A propósito del artículo que publica hoy mi camarada Eloy en su Trinchera -véanlo pulsando en este enlace- he recordado un artículo que escribimos al alimón hace ya muchos años, y que El Alcázar tuvo la bondad de publicarnos. Pueden leerlo en su formato original si pulsan sobre la imagen para agrandarla, incluso leerlo en una anterior publicación que hice en este mismo diario.
Se titulaba el otro separatismo, y aquí se lo transcribo. Se que a los de derechas de toda la vida les parecerá raro; que a los de izquierdas desde que nacieron les parecerá increíble; que a los apolíticos les parecerá incomprensible, y que a los ignorantes -condición compatible con las anteriores- les sonará a chino y no se enterarán de nada.
Pero es que los falangistas somos así.
EL OTRO SEPARATISMO.
EL ALCÁZAR
7 julio 1983
Estamos llegando al punto culminante de una situación de extrema gravedad. Es frecuente, cotidiano, normal en cualquier charla diaria oír decir. «¡Que ellos se las apañen como puedan!» cuando se hace referencia a algunos problemas surgidos en tierras vascongadas y catalanas, e incluso en otras regiones no tan marcadas por el separatismo. «Si no quieren ser españoles, que se las arreglen solos.»
Es tan grave la situación, que hasta en las personas más obstinadamente contrarias al separatismo va ganando importancia una actitud que, aun manifestándose como reacción, no hay más remedio que calificar de separatista, aunque sea un separatismo visto desde el extremo contrario.
Si el independentismo de unas regiones determinadas exalta el amor desmedido a un ente artificial, basado tal vez en prehistóricas suposiciones, los que queremos una Patria unida no podemos caer en la falta de amor —cuando no en el odio— a unas tierras que son parte irrenunciable de España, y que necesitan ahora más que nunca de todo el cariño, toda la solidaridad y—también—toda la firmeza de los españoles de todas las provincias.

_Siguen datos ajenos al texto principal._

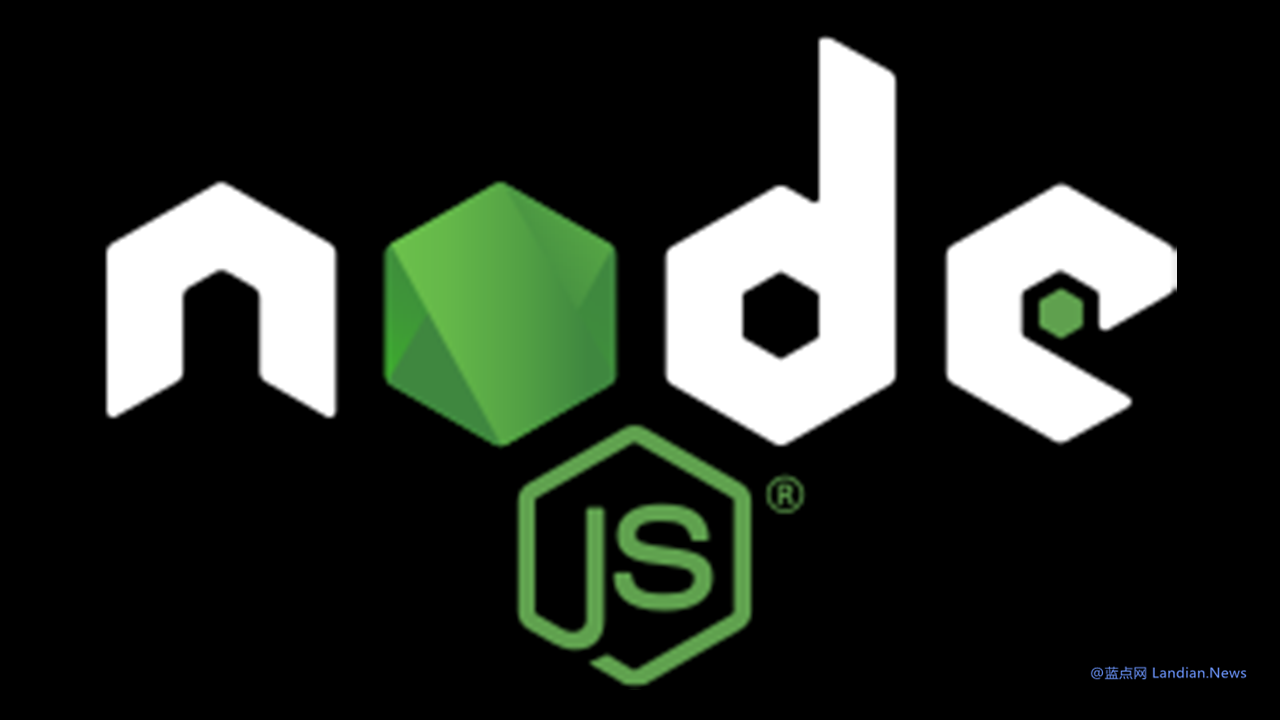 开源跨平台的Node.js v20.18.0 LTS长期支持版发布 带来安全改进和新功能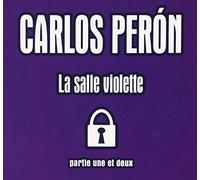 Carlos Peron – La Salle Violette Pt. 1 & 2 – Import – SPV Entertainment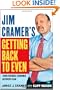 Jim Cramer's Getting Back to Even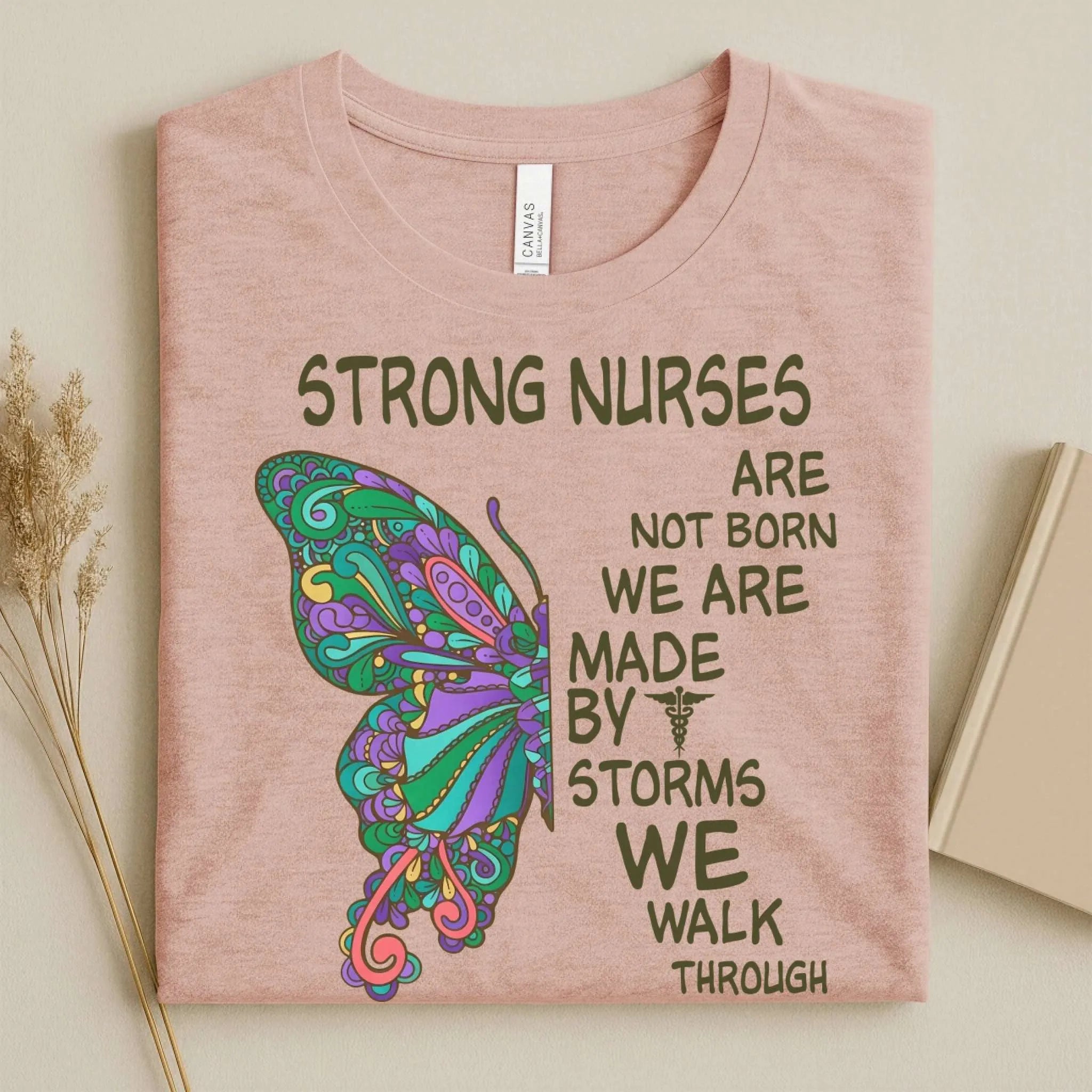 Strong Nurses Butterfly Boho Nurse T-Shirt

La gravedad de lo que sucede se pone de relieve porque en esa actitud caen la mayoría de los españoles. Incluso caemos los que hemos aprendido, en el magisterio de palabras bien altas y nobles, que España es una unidad de destino en lo universal; que juntos nos salvaremos todos, o que juntos hemos todos de perecer. También a los que por pensamiento, por ideología y por estilo estamos más lejos del menor atisbo separatista, nos vence la tentación de dejar caer ese «¡allá ellos!» en alguna ocasión. Y es necesario que al primer pensamiento incontrolado se imponga la frialdad de la razón para que comprendamos el error de la primera impresión; para que comprendamos que aquellas tierras y aquellas gentes —por encima de las actitudes del momento y de la propia voluntad de determinado número de individuos— son irrenunciablemente España.
Sin embargo, no puede ser más alarmante el síntoma. Porque si los que pensamos que España es irrevocable y que todo separatismo es un crimen, hemos de recurrir a toda la fuerza de la razón para sobreponernos al primer deseo de dejar a su suerte, en la desgracia o la dificultad, a los españoles que no quieren serlo; si hemos de recurrir a todo el bagaje doctrinal de que disponemos, ¿qué ocurrirá con aquellos que no disponen del recurso a un estilo que les haga comprender su error? ¿Qué sucederá con aquellos a quienes la razón y el estilo no obliguen a rechazar esa primera impresión de indiferencia —cuando no de una cierta alegría— en torno a las circunstancias que atraviese alguna región española?
Pues sucederá que dentro de diez, veinte años quizá, la propia existencia de España será imposible, porque en el alma de los habitantes de una región se habrá instalado la indiferencia o el odio con respecto a los de otra. Esto y no otra cosa es el primer logro del tan jaleado Estado de las Autonomías, que todos los políticos —desde un extremo al otro— aceptan y promueven.
El deber ineludible de todos los que nos consideramos españoles por encima de todo lo humano, es impedir con nuestro ejemplo —sacrificando con todo rigor los sentimientos espontáneos y erróneos— que tomen carta de naturaleza la indiferencia y el odio, dejando bien claro —en cualquier situación que lo requiera— que para nosotros todas las tierras de España son igualmente queridas y respetadas. Aunque esas regiones no quieran, aparentemente, ser españolas.
Hay que recordar que España es una unidad de destino en lo universal. Y hay que ser, ahora más que nunca, inasequibles; no sólo al desaliento, sino al ambiente disgregador generalizado que nos rodea e invade, y que es el peor enemigo —por solapado y encubierto— de esa unidad.
Rafael C. ESTREMERA / Eloy R. MIRAYO.